Die entrüstete Reaktion der Eisenbahn- und Verkehrsgewerkschaft EVG kam prompt: „Unsere Kolleginnen und Kollegen brauchen ihren Erholungsurlaub dringend“, protestiert EVG-Chef Alexander Kirchner. „Ihnen jetzt den schwarzen Peter zuzuschieben, ist schäbig.“

Von den 15 Fahrdienstleitern im Stellwerk Mainz sind vier krank und drei im Urlaub. Die verbleibenden acht reichen nicht aus, um die üblichen Schichten zu besetzen.
Im Aufsichtsrat der Bahn machen Spekulationen die Runde, es handele sich um einen „verdeckten Streik“: Melden sich deshalb so viele Beschäftigte krank und haben deren Chefs bisher niemanden aus dem Urlaub zurückgeholt, um in der Ferienzeit mal ein Signal nach Berlin zu senden, dass es mehr Stellen braucht? Der damalige Bahnchef Hartmut Mehdorn hielt bei seinen Sparplänen die Stellwerke besonders geeignet für Personalabbau. Er wollte auf mehr Technik setzen. Doch die Einführung lahmt, auch die braucht Bediener – laut Gewerkschaft fehlen 1000 Fahrdienstleiter deutschlandweit.

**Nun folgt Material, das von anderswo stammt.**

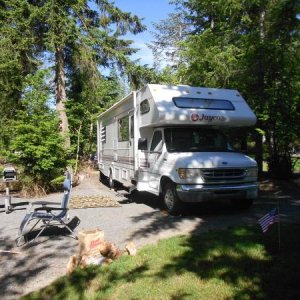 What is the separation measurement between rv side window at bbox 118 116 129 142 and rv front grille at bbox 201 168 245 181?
148 inches

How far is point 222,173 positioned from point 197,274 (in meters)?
4.12

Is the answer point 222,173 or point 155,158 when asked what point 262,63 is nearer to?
point 155,158

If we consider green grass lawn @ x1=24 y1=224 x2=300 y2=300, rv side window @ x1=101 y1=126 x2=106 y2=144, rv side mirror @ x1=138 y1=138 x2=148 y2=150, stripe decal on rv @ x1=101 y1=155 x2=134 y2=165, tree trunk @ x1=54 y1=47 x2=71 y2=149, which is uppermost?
tree trunk @ x1=54 y1=47 x2=71 y2=149

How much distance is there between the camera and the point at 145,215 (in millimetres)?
9422

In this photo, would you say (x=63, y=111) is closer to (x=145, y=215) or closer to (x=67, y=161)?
(x=67, y=161)

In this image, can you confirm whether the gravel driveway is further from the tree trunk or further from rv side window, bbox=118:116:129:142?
the tree trunk

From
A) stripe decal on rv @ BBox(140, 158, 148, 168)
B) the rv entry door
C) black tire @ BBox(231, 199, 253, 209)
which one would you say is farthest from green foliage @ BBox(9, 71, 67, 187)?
black tire @ BBox(231, 199, 253, 209)

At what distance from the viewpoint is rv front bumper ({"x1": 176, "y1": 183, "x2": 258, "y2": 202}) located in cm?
867

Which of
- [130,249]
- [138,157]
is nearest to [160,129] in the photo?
[138,157]

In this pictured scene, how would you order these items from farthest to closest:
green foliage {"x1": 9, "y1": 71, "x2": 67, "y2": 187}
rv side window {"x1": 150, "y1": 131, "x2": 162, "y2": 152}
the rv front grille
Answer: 1. green foliage {"x1": 9, "y1": 71, "x2": 67, "y2": 187}
2. rv side window {"x1": 150, "y1": 131, "x2": 162, "y2": 152}
3. the rv front grille

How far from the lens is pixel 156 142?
10117 millimetres

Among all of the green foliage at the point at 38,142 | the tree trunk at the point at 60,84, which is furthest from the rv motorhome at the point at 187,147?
the tree trunk at the point at 60,84

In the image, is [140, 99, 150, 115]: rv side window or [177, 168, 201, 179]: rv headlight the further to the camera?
[140, 99, 150, 115]: rv side window

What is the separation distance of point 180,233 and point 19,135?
828 cm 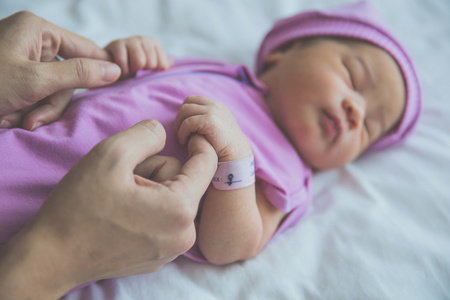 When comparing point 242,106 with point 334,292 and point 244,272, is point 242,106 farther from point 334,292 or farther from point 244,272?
point 334,292

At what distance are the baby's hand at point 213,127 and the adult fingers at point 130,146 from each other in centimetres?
15

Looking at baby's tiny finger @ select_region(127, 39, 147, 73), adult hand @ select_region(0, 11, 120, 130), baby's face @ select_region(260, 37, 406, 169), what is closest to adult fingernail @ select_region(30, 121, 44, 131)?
adult hand @ select_region(0, 11, 120, 130)

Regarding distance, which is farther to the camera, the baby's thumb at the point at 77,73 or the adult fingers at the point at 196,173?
the baby's thumb at the point at 77,73

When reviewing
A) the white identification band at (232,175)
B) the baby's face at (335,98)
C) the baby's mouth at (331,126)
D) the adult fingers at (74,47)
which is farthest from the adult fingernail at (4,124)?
the baby's mouth at (331,126)

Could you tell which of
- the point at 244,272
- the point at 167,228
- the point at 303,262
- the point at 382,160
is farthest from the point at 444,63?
the point at 167,228

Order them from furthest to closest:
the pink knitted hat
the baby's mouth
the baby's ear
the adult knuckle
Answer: the baby's ear → the pink knitted hat → the baby's mouth → the adult knuckle

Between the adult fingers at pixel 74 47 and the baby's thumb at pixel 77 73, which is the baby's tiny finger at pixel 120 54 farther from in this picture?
the baby's thumb at pixel 77 73

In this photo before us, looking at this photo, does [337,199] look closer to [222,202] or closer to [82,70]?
[222,202]

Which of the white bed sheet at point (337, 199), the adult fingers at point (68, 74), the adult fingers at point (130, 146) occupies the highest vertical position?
the adult fingers at point (68, 74)

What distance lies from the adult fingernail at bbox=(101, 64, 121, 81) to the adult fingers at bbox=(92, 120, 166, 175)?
34 cm

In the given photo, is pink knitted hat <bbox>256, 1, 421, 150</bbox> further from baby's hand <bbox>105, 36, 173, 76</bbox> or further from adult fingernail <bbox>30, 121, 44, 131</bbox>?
adult fingernail <bbox>30, 121, 44, 131</bbox>

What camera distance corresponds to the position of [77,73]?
3.03ft

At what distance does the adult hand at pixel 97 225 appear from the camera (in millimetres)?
632

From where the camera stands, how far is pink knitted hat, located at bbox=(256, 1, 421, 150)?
1.40 meters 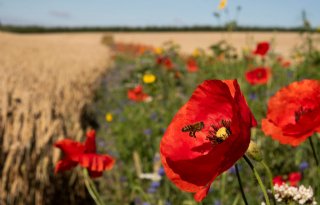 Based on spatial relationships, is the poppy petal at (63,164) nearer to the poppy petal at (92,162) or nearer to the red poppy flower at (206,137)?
the poppy petal at (92,162)

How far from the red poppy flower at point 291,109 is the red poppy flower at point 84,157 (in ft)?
2.02

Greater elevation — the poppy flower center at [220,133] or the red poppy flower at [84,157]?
the poppy flower center at [220,133]

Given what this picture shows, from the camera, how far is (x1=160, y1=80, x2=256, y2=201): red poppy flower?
76 cm

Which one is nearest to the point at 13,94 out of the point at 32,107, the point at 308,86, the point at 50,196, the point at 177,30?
the point at 32,107

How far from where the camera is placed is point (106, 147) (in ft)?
15.1

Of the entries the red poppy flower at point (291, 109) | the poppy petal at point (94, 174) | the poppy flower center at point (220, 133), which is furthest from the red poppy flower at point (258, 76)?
the poppy flower center at point (220, 133)

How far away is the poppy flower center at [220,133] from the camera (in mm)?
901

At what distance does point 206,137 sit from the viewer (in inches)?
37.8

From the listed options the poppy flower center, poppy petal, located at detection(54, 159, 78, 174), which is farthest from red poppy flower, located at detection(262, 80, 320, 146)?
poppy petal, located at detection(54, 159, 78, 174)

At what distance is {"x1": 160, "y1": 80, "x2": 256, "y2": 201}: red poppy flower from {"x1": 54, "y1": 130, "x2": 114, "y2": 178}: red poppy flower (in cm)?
60

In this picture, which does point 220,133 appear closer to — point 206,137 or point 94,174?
point 206,137

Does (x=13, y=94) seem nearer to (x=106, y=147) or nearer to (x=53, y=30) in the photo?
(x=106, y=147)

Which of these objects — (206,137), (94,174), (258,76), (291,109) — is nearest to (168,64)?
(258,76)

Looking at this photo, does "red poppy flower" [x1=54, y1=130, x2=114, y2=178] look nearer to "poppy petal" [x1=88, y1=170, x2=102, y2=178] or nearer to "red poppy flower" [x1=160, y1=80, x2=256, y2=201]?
"poppy petal" [x1=88, y1=170, x2=102, y2=178]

Bereits seit gut einer Woche fallen Züge in Mainz aus, der Regionalverkehr läuft abends und nachts nur eingeschränkt. Vom Fernverkehr ist der Hauptbahnhof in dieser Zeit abgeschnitten. Der Ansturm Tausender Stuttgarter Fußballfans wurde am Sonntag mit einem für einige Stunden eingesprungenen Fahrdienstleiter allerdings gut bewältigt. Ab heute sollen auch wochentags viele Züge im Regionalverkehr ausfallen. Zahlreiche Fernverkehrszüge würden umgeleitet.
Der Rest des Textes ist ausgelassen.